Несмотря на то что бедную смуглую Фейгензон удалили из лагеря, приняв все меры, чтобы она не распространила свое развратное влияние на остальных комсомольцев, Подушкин ее полюбил и, как первую свою на свете женщину, все еще не мог забыть. Происхождение Фейгензон его, по всей вероятности, тоже не смутило, потому что никаких других евреев Подушкин в своей жизни не видел, радио слушал мало, телевизора у них с матерью не было, а то, о чем спозаранку бубнили в школе, пропускал мимо ушей.

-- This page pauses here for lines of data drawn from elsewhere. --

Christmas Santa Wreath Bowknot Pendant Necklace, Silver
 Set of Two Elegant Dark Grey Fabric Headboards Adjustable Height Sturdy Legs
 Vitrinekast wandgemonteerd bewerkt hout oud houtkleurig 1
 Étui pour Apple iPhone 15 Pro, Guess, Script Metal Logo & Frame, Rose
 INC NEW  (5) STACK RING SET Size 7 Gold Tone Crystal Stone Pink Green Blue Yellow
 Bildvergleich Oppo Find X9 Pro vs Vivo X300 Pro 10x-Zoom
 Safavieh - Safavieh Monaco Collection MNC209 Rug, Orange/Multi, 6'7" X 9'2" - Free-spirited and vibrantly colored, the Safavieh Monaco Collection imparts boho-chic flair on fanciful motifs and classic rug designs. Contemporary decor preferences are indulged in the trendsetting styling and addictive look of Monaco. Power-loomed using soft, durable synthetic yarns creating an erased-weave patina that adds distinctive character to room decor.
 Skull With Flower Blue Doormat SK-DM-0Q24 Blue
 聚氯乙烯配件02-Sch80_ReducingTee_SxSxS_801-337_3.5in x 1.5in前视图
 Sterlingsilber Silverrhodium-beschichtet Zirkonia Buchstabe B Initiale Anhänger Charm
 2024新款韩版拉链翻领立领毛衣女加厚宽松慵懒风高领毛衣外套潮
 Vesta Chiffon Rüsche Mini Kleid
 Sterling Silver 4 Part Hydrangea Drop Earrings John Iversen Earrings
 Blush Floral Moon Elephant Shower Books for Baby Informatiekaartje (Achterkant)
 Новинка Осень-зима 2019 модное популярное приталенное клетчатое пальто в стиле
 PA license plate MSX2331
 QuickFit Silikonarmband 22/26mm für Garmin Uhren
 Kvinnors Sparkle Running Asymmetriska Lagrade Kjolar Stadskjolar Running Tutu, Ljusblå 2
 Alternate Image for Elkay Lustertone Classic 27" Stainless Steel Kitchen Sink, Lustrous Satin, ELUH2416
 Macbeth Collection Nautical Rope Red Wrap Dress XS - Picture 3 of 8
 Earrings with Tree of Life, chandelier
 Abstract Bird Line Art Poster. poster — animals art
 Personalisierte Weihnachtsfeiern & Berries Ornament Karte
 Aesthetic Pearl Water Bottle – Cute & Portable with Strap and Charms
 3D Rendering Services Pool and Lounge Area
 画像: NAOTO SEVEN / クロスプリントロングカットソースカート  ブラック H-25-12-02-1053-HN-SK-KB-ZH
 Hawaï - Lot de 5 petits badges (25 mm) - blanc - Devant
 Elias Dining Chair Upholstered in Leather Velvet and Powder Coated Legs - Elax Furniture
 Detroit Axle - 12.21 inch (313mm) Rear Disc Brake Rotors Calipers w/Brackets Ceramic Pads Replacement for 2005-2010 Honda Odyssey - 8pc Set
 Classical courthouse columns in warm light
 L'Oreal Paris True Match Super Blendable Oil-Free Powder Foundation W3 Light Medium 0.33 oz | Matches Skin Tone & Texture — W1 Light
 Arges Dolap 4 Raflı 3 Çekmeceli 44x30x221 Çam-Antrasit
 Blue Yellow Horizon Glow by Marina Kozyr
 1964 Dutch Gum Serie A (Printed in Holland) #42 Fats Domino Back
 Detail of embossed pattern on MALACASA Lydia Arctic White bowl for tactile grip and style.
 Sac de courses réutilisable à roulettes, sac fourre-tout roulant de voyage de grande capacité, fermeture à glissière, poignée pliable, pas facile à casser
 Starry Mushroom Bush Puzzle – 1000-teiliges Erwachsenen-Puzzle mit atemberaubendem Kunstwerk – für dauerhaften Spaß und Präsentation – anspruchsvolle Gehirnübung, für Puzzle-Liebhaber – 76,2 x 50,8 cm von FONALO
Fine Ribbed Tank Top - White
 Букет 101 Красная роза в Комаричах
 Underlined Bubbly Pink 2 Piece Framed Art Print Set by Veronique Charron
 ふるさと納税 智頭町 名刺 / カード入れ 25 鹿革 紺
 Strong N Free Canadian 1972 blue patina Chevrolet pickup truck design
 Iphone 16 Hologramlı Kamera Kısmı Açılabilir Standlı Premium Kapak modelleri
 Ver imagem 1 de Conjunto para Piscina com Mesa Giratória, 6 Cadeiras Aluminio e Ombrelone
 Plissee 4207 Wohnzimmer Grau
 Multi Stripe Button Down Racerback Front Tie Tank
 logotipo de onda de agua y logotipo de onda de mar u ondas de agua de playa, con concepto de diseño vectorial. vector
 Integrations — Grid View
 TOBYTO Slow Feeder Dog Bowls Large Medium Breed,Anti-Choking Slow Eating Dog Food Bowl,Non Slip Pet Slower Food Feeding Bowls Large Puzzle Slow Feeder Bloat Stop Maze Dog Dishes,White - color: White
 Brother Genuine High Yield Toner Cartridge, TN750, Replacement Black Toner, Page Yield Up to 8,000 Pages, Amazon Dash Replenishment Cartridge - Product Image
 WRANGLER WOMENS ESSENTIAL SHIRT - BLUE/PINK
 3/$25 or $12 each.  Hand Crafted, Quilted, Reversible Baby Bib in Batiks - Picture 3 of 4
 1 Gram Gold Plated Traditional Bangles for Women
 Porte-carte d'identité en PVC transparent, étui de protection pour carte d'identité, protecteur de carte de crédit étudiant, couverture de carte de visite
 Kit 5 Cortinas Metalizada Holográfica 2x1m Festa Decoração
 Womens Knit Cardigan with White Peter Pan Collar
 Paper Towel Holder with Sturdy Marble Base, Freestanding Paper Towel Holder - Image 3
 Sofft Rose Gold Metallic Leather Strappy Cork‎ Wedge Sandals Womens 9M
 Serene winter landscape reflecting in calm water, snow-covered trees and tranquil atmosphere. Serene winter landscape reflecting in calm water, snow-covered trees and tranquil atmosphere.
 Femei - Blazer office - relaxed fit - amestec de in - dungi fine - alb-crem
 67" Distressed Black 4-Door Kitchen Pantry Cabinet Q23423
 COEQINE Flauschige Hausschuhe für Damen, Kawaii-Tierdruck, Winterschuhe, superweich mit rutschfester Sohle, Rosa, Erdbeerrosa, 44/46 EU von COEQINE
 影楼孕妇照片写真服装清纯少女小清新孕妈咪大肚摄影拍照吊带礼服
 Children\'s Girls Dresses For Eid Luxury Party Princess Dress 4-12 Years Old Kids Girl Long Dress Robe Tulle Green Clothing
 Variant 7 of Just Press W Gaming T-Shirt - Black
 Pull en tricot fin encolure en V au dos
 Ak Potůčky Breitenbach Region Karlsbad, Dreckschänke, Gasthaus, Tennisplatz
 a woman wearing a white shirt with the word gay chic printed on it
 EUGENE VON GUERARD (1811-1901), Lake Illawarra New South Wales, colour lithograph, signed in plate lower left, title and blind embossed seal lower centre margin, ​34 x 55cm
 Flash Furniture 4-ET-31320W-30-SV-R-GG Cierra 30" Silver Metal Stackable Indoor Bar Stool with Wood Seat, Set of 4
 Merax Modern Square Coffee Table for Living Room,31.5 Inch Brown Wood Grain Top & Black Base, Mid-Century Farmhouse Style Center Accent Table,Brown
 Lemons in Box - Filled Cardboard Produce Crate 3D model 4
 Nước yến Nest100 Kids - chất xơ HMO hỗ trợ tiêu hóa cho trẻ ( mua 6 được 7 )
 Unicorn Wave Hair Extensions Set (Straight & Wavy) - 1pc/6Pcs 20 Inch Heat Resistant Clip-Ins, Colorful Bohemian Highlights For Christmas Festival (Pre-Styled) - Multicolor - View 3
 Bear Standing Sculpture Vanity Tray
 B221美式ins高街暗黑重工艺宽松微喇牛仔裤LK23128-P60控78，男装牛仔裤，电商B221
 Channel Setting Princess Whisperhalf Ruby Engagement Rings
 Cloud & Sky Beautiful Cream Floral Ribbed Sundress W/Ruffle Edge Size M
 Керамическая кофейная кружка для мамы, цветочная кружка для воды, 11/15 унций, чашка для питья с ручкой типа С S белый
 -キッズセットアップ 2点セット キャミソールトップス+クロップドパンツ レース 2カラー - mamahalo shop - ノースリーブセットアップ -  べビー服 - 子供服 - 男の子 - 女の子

«Было б, конечно, получше, — думал Подушкин, — чтобы Юлька была как все, а не жидовкой, но уж теперь пусть как есть. Раз у нас любовь».
В планы его входило накопить денег, приобрести голубой в красную полоску галстук в соседней деревне Михалёво и в этом галстуке заявиться прямо в Москву. Адреса Фейгензон он не знал, но знал телефон ее тети, Софьи Марковны, которая работала в газетном киоске на Площади трех вокзалов и там же неподалеку жила. Фейгензон, когда они обсуждали каждый свою родню, сказала Подушкину, что она больше всего уважает эту самую тетю Марковну (Подушкин произносил «Морковну») и, если дома уж совсем станет невмоготу, сразу уйдет к ней на Площадь трех вокзалов.
«У тетки этой запросто перекантуем, — легкомысленно думал Подушкин, — раз она такая добрая. А перед армией распишемся. Чего тут осталось? Четыре года всего. Ждать меня с армии будет».
После насильственного отьезда Фейгензон Подушкин целую неделю страшно выпивал со взрослыми парнями и громко выкрикивал гадости в сторону московского лагеря, но потом почти успокоился и начал копить деньги на голубой в красную полоску галстук. Брошенная вслед его телеге угроза Галины Аркадьевны так сильно разозлила от природы миролюбивого Подушкина, что он тут же решил отомстить.
«Пургену куплю, — решил Подушкин, — и подсыплю. Ягод пойти набрать. И чтобы ей, значит. Ягодок. Похреновее».
Пурген, как безотказный способ мщения, стал известен малообразованному Подушкину почти случайно: прошлым летом они с матерью ходили убирать дачу, живописно расположенную в пяти километрах от Михалёва в высоком сосновом лесу, внутри которого зимой и летом стоял прозрачный золотой свет. На даче поселялся иногда знаменитый художник — толстый, в большом, местами полысевшем пиджаке, и Подушкин услышал разговор его сына-подростка со своим товарищем, тоже подростком, но чуть постарше. Ни сын художника, ни его товарищ не обратили на Подушкина никакого внимания, а может, и наоборот, обратили — кто их разберет? — только разговаривали они так, будто Подушкина вовсе не было в комнате.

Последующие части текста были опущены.